Öğretmenlere, gerekli rehberliği yaparak, öğrencilerin yeteneklerini kullanıp ödev hazırlamalarını sağlamalarını öneren Şahin, şunları söyledi: Öğretmenler kutup yıldızı gibi olmalı. Çocukların kapasitelerini doğru analiz etmeli ve bunlara uygun taleplerde bulunmalı. Ödevleri iyi kontrol etmeli, öğrenciye gerekli geri bildirimi sağlamalı. Ayrıca, velilerle iletişimini kuvvetli tutarak ödevlerin yapılma sürecine ne kadar dâhil olacaklarını onlara anlatmalı. Bu sayede yeni sistemde hedeflenen amaca ulaşılabilir.
Şahin, eğitim sisteminde yaşanan bu durumun, öğrenci kadar, teknoloji tasarım, medya okurluğu öğretmenlerinde de sorun oluşturduğunun altını çizdi.
Şahin, şöyle devam etti: Seviye belirleme sınavı (SBS) endeksli veli ve öğrenciler matematik, fen bilgisi ile Türkçe öğretmenlerini dikkate alıyor. SBS sorusu çıkmayan teknoloji tasarım, medya okuryazarlığı gibi derslerin öğretmenleri dikkate alınmıyor. Bundan dolayı da çocukların iletişimde sorunlar yaşandığı bir gerçektir.
Burdur´da 3 ve 6. sınıfta iki çocuğunu okutan Muhammet Çetin, verilen ödevlerin maliyetinde şikayetçi oldu.
Çetin, Bu ödevler velilere çok masraf çıkarıyor. Ayıca çok zor ve meşakkatli oluyor. Çocukların yapması imkânsız. Çocuklarımın okullarında zor duruma düşmemeleri için mecburen ben yapıyorum. dedi.
Verilen performans ödevlerinin 3. sınıftaki kızının kapasitesinin üzerinde olduğunu belirten bir diğer veli R.M. ise, öğretmenlerin ölçüyü kaçırmasından şikâyetçi.
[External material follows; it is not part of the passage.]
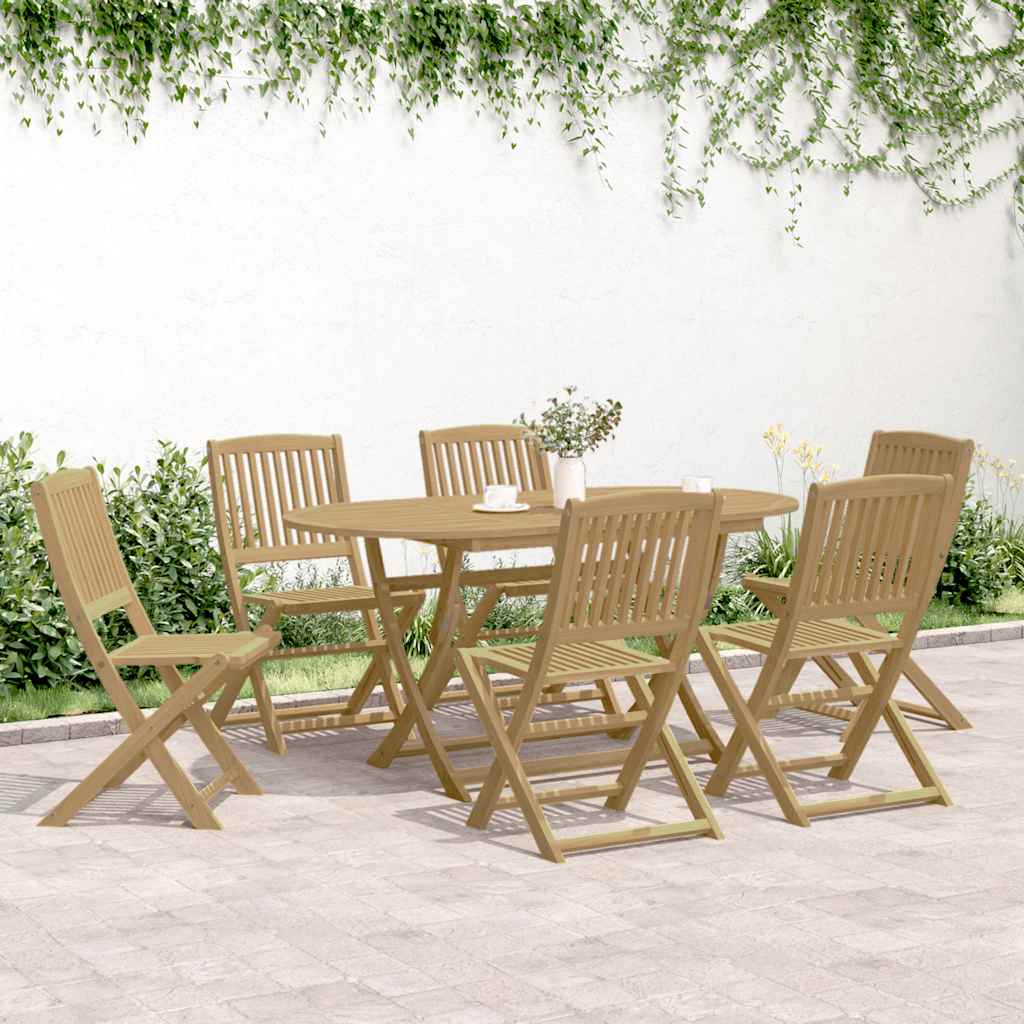 vidaXL Καρέκλες Κήπου Πτυσσόμενες 6 τεμ. 44x50x88 εκ. Μασίφ Ακακία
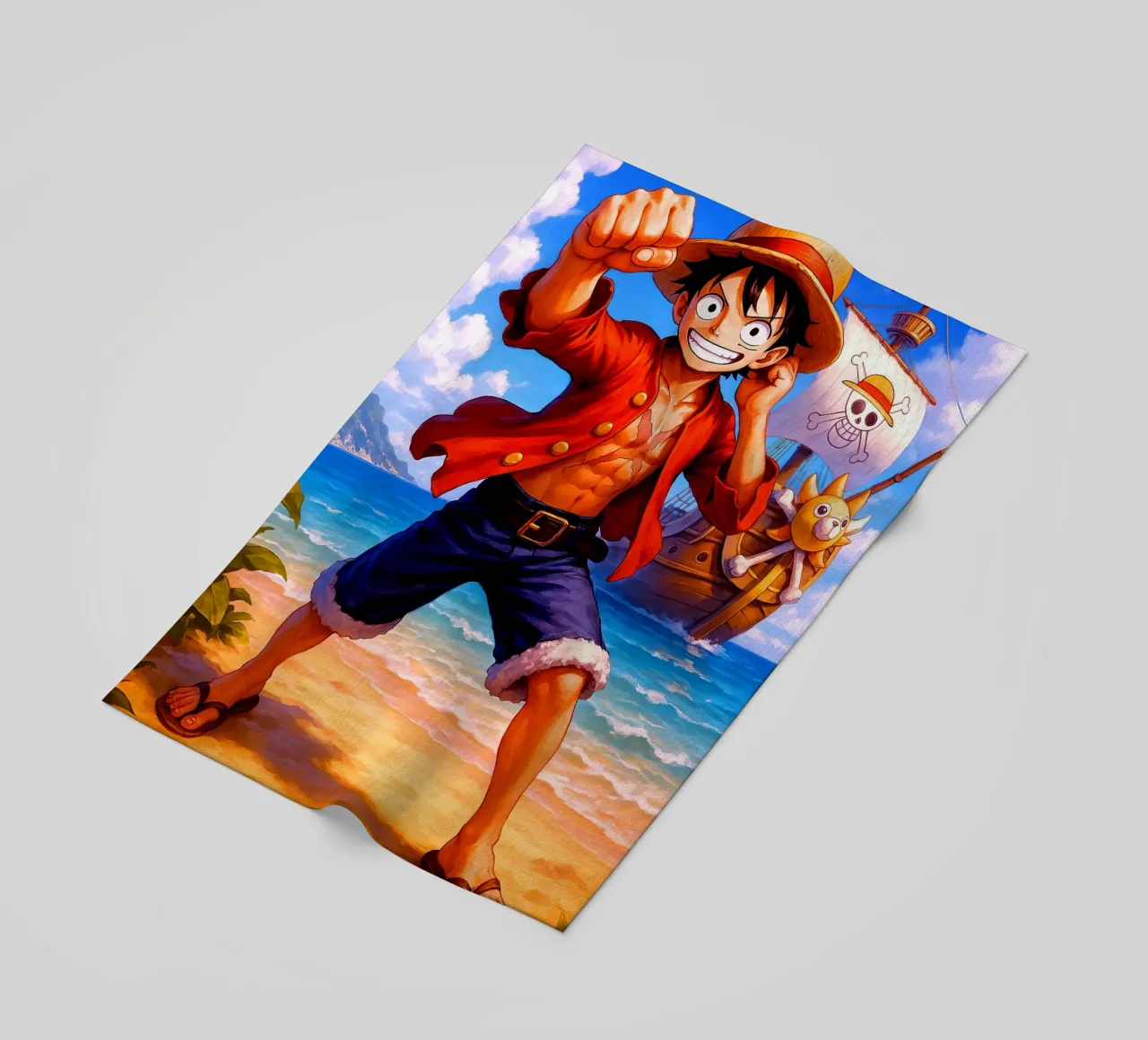 Monkey D. Luffy telo mare da Indah Creative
Öğrencinin okulda arkadaşlarına mahcup olmaması ve öğretmeninden azar işitmemesi için ödevini yapması için veliye baskı yaptığın anlatan R.M., Çoğu ödevini anne ve babasına yaptırmayı alışkanlık haline getirdi. Yardım etmek istemiyorum ama bakıyorum ki çocuk haklı, o ödevi o yaştaki birinin yapması zor. Mecbur kalıyorum yardım etmeye. Yoksa çocuğun psikolojisi bozulacak. Bunu öğretmenler de çok iyi biliyor. Bizim yaptığımız ödevler çok iyi olsa bile fazla not verilmiyor. Çocuk da ´Baba öğretmenim senin yaptığın ödeve 100 vermedi. Demek ki sen iyi bilmiyorsun´ şeklinde karşılık veriyor. şeklinde konuştu.